> _YOUR ASSIGNMENT_:
Below are records; count the lines in them that hold "Fine" and give only the count.

> _INFORMATION PROVIDED_:
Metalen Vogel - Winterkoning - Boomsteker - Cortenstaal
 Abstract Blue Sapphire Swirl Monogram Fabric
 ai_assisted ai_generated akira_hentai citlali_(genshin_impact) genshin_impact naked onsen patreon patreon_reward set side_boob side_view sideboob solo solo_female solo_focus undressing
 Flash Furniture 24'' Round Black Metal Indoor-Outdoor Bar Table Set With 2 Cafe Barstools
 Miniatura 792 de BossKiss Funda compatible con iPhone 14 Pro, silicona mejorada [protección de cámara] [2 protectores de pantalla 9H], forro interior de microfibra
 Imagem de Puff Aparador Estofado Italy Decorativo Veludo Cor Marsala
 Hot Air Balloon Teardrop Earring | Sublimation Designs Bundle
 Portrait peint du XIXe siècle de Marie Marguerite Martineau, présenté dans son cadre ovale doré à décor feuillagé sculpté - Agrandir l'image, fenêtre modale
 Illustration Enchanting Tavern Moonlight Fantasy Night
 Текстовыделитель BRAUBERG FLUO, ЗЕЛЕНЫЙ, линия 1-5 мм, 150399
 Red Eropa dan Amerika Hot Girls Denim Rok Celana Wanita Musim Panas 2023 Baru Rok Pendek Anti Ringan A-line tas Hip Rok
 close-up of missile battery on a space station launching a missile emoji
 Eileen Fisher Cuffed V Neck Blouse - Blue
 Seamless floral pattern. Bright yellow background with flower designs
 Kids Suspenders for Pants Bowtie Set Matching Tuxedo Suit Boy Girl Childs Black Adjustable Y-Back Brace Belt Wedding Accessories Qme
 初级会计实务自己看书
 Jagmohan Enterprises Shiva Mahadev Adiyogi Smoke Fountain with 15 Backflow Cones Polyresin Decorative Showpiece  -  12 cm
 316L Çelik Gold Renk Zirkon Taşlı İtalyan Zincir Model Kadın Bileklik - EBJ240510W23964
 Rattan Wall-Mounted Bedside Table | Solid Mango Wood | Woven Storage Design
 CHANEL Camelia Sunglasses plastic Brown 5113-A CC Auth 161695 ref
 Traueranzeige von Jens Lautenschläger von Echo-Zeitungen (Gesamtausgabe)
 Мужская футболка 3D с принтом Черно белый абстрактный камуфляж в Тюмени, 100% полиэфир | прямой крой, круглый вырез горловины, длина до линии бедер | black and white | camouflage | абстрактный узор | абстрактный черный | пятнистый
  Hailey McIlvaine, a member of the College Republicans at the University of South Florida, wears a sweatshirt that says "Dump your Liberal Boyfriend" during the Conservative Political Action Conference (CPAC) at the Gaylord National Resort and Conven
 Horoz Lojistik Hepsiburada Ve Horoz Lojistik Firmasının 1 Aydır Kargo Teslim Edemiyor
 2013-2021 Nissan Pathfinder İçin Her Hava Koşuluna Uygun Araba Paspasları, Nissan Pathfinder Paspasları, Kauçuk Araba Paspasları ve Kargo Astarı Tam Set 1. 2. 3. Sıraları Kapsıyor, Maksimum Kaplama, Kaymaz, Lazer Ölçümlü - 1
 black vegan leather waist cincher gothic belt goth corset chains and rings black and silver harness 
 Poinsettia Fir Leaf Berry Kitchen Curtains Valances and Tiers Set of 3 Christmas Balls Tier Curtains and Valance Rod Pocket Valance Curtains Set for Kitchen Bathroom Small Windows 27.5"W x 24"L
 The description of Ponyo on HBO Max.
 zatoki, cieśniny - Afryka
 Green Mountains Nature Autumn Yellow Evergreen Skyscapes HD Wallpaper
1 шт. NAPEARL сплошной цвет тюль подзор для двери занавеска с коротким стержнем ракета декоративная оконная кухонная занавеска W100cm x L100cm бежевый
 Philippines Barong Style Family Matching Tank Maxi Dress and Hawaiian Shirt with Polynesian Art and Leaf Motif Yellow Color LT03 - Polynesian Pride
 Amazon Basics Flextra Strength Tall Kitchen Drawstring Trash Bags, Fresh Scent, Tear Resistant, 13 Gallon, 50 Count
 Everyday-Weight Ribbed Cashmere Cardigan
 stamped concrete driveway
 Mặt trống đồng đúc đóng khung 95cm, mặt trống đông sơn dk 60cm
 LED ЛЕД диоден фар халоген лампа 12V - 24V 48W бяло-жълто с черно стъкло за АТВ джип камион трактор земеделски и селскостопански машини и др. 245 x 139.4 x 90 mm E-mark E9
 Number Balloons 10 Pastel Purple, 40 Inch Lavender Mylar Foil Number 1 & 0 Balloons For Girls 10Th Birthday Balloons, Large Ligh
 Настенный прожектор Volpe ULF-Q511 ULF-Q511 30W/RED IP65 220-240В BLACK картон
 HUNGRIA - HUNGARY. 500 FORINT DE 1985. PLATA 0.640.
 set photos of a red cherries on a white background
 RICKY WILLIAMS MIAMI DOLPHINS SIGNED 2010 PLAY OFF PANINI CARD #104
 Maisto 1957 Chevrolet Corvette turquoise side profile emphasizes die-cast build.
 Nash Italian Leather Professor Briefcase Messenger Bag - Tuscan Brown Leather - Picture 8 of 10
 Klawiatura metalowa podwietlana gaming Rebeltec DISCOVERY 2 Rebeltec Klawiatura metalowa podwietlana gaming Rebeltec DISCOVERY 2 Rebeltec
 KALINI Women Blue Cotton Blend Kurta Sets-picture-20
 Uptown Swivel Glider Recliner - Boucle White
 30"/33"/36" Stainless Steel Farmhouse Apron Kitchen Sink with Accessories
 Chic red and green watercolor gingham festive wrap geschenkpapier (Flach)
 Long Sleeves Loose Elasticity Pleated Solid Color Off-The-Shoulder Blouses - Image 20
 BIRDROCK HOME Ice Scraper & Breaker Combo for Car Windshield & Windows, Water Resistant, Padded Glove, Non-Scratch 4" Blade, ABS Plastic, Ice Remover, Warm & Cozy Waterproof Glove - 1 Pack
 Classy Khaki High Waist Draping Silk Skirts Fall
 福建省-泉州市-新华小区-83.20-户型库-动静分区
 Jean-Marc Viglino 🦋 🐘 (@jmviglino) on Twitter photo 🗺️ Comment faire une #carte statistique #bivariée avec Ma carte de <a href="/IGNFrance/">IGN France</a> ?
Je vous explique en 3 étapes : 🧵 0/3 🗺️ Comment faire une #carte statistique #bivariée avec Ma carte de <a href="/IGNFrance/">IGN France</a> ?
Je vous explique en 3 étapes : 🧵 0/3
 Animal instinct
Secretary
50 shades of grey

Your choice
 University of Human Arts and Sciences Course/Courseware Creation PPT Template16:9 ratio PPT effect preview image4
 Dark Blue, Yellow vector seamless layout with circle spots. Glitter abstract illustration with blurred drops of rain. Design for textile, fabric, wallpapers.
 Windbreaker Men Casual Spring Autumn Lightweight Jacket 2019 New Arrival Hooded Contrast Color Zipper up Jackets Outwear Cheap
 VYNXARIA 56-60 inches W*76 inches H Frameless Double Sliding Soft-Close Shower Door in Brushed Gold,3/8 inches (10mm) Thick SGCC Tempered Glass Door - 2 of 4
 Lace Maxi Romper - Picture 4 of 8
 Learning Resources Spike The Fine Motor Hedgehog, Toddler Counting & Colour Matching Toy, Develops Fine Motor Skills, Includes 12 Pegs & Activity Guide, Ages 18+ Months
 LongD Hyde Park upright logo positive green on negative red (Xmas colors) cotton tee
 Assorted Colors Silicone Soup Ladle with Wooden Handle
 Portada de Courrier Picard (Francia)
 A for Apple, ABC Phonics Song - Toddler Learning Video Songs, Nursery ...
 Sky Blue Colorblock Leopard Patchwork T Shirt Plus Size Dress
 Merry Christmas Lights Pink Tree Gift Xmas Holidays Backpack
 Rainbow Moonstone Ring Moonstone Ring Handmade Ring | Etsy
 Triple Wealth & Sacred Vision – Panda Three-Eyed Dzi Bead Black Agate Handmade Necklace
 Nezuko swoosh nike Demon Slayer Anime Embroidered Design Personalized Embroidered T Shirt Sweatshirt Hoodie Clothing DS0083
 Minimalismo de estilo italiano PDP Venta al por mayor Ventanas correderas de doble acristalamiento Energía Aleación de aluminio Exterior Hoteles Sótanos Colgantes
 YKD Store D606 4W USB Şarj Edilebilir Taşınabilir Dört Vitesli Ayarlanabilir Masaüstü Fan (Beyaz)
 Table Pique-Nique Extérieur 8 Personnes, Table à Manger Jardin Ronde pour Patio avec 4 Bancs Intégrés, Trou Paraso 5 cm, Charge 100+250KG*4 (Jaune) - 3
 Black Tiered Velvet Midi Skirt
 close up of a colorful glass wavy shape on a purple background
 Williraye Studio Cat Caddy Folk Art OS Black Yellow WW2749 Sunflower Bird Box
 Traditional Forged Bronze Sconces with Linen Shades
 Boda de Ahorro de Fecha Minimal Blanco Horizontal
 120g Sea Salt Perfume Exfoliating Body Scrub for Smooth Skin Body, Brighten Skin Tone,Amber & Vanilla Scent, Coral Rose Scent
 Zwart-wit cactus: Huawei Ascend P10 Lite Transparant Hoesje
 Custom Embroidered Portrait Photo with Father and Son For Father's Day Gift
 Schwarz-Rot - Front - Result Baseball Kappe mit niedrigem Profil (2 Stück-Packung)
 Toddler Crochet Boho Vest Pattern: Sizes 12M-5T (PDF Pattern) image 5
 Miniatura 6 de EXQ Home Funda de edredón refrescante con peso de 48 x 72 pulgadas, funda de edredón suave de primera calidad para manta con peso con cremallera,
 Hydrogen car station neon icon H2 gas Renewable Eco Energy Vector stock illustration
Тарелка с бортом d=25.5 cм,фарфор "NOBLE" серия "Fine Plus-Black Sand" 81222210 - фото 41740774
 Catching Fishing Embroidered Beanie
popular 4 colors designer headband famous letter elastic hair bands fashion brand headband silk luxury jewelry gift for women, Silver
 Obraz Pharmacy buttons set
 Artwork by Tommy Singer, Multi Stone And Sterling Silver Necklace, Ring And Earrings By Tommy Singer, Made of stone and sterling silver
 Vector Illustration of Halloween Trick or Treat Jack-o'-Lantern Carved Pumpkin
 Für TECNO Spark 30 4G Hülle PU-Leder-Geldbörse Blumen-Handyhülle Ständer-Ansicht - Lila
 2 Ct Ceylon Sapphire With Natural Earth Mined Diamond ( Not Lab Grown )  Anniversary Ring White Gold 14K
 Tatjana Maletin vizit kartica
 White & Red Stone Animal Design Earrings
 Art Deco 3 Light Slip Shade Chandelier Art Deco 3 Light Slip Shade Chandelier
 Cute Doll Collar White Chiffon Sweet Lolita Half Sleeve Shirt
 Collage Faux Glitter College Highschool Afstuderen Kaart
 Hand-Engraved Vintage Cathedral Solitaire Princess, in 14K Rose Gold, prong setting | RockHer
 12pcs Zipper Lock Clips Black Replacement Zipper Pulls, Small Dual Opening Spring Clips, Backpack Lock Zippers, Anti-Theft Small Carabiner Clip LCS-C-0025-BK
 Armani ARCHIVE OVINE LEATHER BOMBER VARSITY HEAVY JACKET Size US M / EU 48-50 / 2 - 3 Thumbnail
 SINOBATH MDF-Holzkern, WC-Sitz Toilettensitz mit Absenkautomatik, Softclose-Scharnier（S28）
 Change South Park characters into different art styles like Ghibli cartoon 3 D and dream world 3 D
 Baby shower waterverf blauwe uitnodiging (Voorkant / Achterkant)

> _RESULT FOR THIS EXERCISE_:
2